Çünkü Kudsi Hadisde Yüce Rabbimiz şöyle buyurmuştur: "Kim benim veli kuluma düşmanlık ederse ben de ona harp ilan ederim. Kulumu bana yaklaştıran şeyler arasında en çok hoşuma gideni, ona farz kıldığım şeyleri eda etmesidir. Kulum bana nafile ibadetlerle yaklaşmaya devam eder, sonunda sevgime kavuşur. Onu bir sevdim mi artık ben onun işittiği kulağı, gördüğü gözü, tuttuğu eli, yürüdüğü ayağı (düşündüğü aklı, konuştuğu dili) olurum. Benden bir şey isteyince onu veririm, benden sığınma talep etti mi onu himayeme alır, korurum. Ben yapacağım bir şeyde, mü'min kulumun ruhunu kabzetmedeki tereddüdüm kadar hiç tereddüte düşmedim: O ölümü sevmez, ben de onun sevmediği şeyi sevmem."(Buhari, Rikak 38.)

4-Namaz kılan herkese ise: “Sevgili kardeşlerim, aman namazınızı tadil-i erkansız ve huşusuz kılmayın, eğer tadil-i erkansız ve huşusuz (yani namazın rükünlerini eksik yapar ve bilinçsiz kılarsanız, kimin huzurunda olduğunuzun farkına varmadan eda ederseniz) namaz kılmış sayılmayabilirsiniz; yanınıza yorgunluktan başka bir şey kalmaz”, denmeli.

Hiç namaz kılmamaktansa sadece farzları kılan adam olmak, hiç kılmayan adam olmaktan kıyaslanmayacak kadar üstündür. Çünkü namaz kılmak, adam olmanın gereğidir.

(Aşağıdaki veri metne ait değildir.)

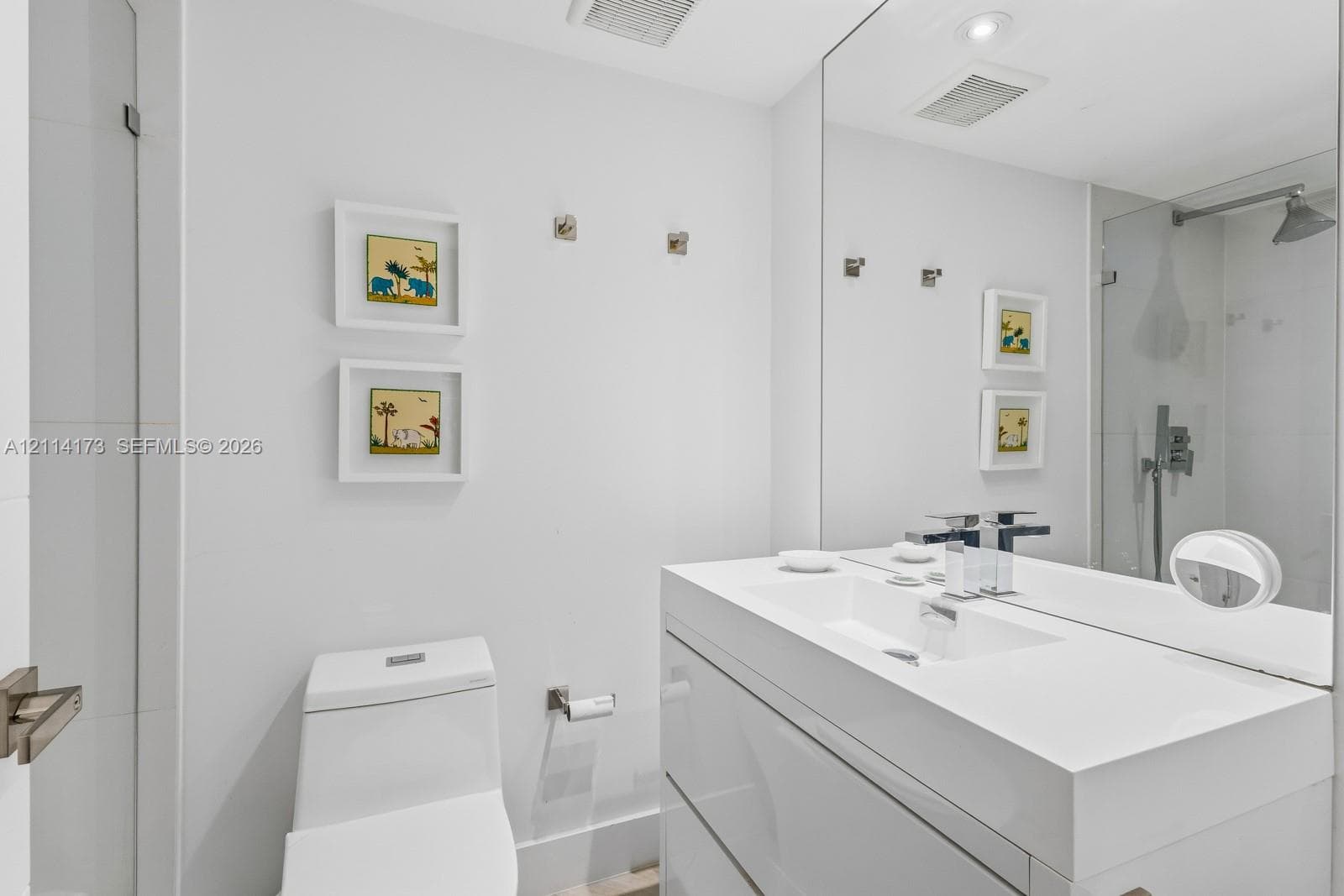 Modern floating vanity with a seamless integrated sink, polished chrome widespread faucet, large-format mirror, and glass-enclosed shower featuring a wall-mounted rainfall showerhead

Çünkü namaz kılmayan kişi, adam yerine konulmayacaktır. Ne Allah katında, ne de Peygamber katında. Namaz kılmayan, Allah’ın rahmetine, Peygamber’in şefaatine layık ve nail olamayacaktır. Namaz kılmayandan bütün kainat, evren ve içindekiler davacı olacaktır. Namaz kılmayan eğer pişman olur, tevbe eder, namaza başlarsa, o güne kadar işlediği günahların affı için Allah’ın merhametini ve Rasulullah’ın şefaatini tekrar harekete geçirebilir. Bu sefer bütün kainat o insana duacı olur.
 

 Onun içindir ki Üstad-ı Muhterem: “Kainatta en yüksek hakikat imandır, imandan sonra namazdır.” demiştir.

Namaz kılana diğer farzları yapmak zor gelmez. Beş vakit namazını kılan zikirmatik, şükürmatik olur, çıkar. Namaz böyle bir ibadettir. İnsanın bütün vakitlerini mayalar, zikirleştirir, şükürleştirir, namazlaştırır, namaz insanı melekleştirir.

Namaz kılmak, Allah’a inanana, Allah’ı aşk derecesinin üstünde sevene ağır gelmez. Allah da zaten aşk derecelerinin üstünde sevilmeye layık bir sevgilidir.

-Neden?


-Çünkü sevdiğimiz her şeyin, istifade ettiğimiz her nimetin sahibi O’dur. Çünkü aşk derecesinde sevdiğimiz her şeyi bize veren O’dur. Böyle bir sevgiliye hiç vakit ayrılmaz mı? Secde edilmez mi?

Namaz, insanı adam eder, Adem yapar. Namaz insanı faziletli, erdemli, şefkatli, merhametli, hürmetli insan haline getirir. Namaz insanı, adaletli, istikametli, iktisatlı, medeni, temiz ve modern insan yapar. Namaz insanı, kamil, alim, halis, muhlis, cömert, edepli, terbiyeli, kısaca güzel ahlaklı bir insan haline getirir. Çünkü bu güzelliklerin kaynağı Allah’tır. İnsan o kaynağa yaklaştı ve yanaştı mı bu güzelliklerle dolmaması, süslenmemesi mümkün değildir. Namaz kılanın yüzünde namazın uru, secdenin izleri ve güzellikleri görünür. Namaz kılmayan bu süsten ve bu güzelliklerden mahrum kalır. Makyaj ve maske güzelliklerinin peşine düşer, aldanır ve aldatır. İki cihanda da huzura hasret kalır.

Yüzünüzde secdenin güzellikleri görünsün.

Kalbiniz namazın sürur ve sevinciyle dolsun.

Aklınız iman ve Kur’an nuruyla aydınlansın.

İki cihanın huzur ve cenneti sizin olsun.